Scientists discover a 100-year-old math error that changes the way humans see color

the new paperpublished in the Chronicle National Academy of Sciencesis the work of lead author and computer scientist Roxana Bojak and a research team of Los Alamos National Laboratory, who mixed psychology, biology and mathematics for their studies.

in press releaseBujack, who created scientific visualizations at Los Alamos National Laboratory, described current mathematical models used for color perception as incorrect and requiring a “paradigm shift.”


The ability to accurately model human color perception has a tremendous impact on the automation of image processing, computer graphics, and visualization. Bujack’s team first set out to develop algorithms that would automatically optimize the color maps used to visualize data to make it easier to read.

To come up with a concrete mathematical model of the perceived color space, red, green, and blue are plotted in 3D space. That’s because these colors are strongly recorded by the light-detecting cones in our retina. These are also the colors that blend together in RGB computer monitor images.

The team has been working on algorithms that automatically improve the color maps used to visualize data, making them easier to understand and interpret.

What surprised the team discovered was that they were the first to realize that the established practice of applying “Riemannian geometry” to 3D space did not work.

Riemannian geometry is different from Euclidean geometry that you may be familiar with from school, but as Bojak explained, “it allows for the generalization of straight lines over curved surfaces.”

Bujack and her team showed that using Riemannian geometry actually results in an overestimation of how large differences in color are perceived.

This is caused by the effect of diminishing returns, the scientists wrote, in which “large differences in color are perceived as less than the sum of small differences.” In the study.

In other words, a large difference in color is viewed as less than the sum of the small differences in color that lie between two widely spaced shades. The researchers showed that this effect could not be explained in Riemannian geometry.

What’s Next?

When reached out to Interesting Engineering (IE) for comment, Bujack explained that it’s hard to see why the error in modeling created by the giants in their field has persisted for so long uncorrected.

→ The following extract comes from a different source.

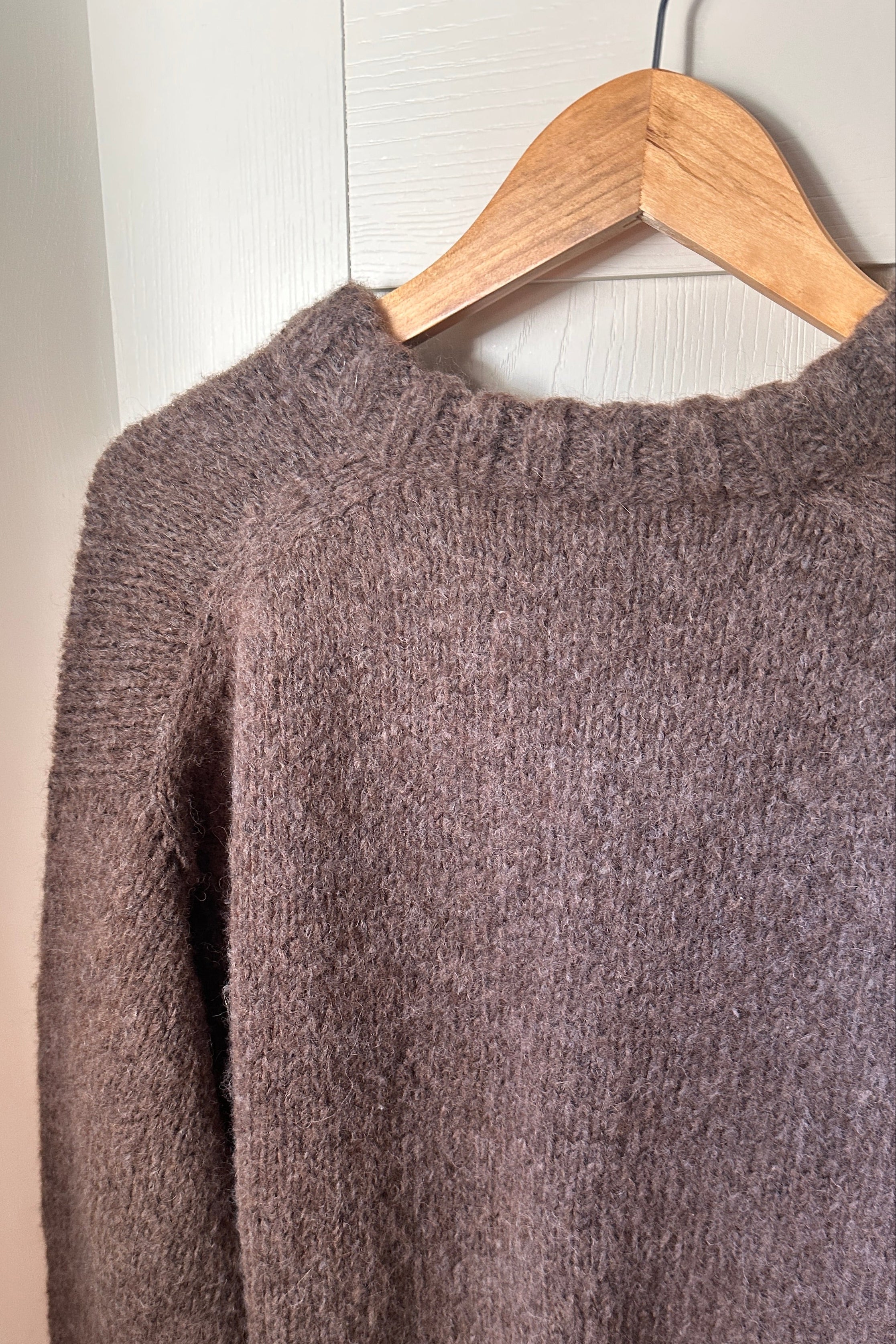 A fuzzy knit crewneck sweater in a muted taupe-brown color, hanging on a wooden hanger against a white paneled door.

Bujack shared: “If I had to guess, I would say that perhaps color researchers thought of Riemannian (curved) space in some way as ‘the opposite’ of Euclidean (straight) space and ignored that it is a very structured construct in and of itself.”

When asked what kind of geometry their team might use to describe the perceptual color space going forward, Bujack said they’re studying what that might look like.

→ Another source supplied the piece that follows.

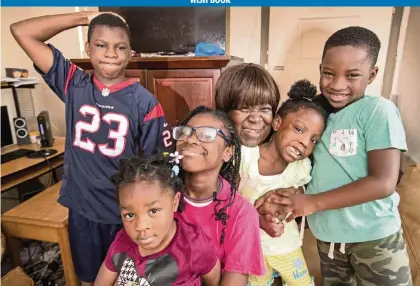 ?? AL DIAZ adiaz@miamiheral­d.com ?? Joan Pratt, 62, gathers her grandchild­ren, from left, Isiah, 13, Abigail, 3, Oliviea, 10, Terylin, 5, and Loyal, 6, this month at their Liberty City home. The family could use some new furniture, especially beds, and other items.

“If we’re lucky, a Riemann space with a scaling function could do the trick, but more experiments are needed to see if that works,” she added.

Bujack also believes that “a metric space connected to a track would be a good model.”

“But of course, you have to allow some perceptual ‘noise’ as in Thurston’s theorem. Without the random component, it violates a basic scaling property: the identity of the indistinguishable elements, i.e. zero is returned only if both inputs are identical. You can render two very close colors Any observer would not see any difference between them even though they are not 100% identical,” the scientist explained.

Possible technical improvements

The scientists believe their work will eventually lead to improvements in visualization technologies, including televisions and monitors. But, as Bujack explained to IE, it will take some time to get there.

“Most of the experimental data on color perception is based on very small differences because we thought we could collect them to get the big ones,” she said, adding, “We now know that there is a lot of work required to map large distances.”

What this leads to is that scientists will have to “generalize existing algorithms to run on that space.” Only when that is achieved will we begin to see more accurate measurements of color difference and improvements in almost every type of image processing technology.

Bujack gave one example: “If we can calculate the observed difference between two images quite mathematically, we can adjust the compression rate of the broadcast videos to be exactly ‘away’ from the ground truth of the observer and save bandwidth.”

The research article “The non-Riemannian nature of perceptual color space” was first published In the April issue of the scientific journal PNAS.

Study summary:

The scientific community generally agrees with the theory, advanced by Riemann and reinforced by Helmholtz and Schrödinger, that the perceived color space is not Euclidean but rather a three-dimensional Riemannian space. We show that the principle of diminishing returns applies to human color perception. This means that large differences in color cannot be derived by adding a series of small steps, and therefore, the perceptual color space cannot be described by Riemann geometry. This finding is incompatible with current methods of perceptual color space modeling. Therefore, the assumed shape of the color space requires a paradigm shift. The consequences of this apply to color scales currently used in the image and video processing, color mapping, paint and textile industries. These scales are only valid for small differences. Rethinking it outside of the Riemann environment could provide a path to extend it to significant differences. This result indicates the existence of a second-order Weber-Fechner law describing perceived differences.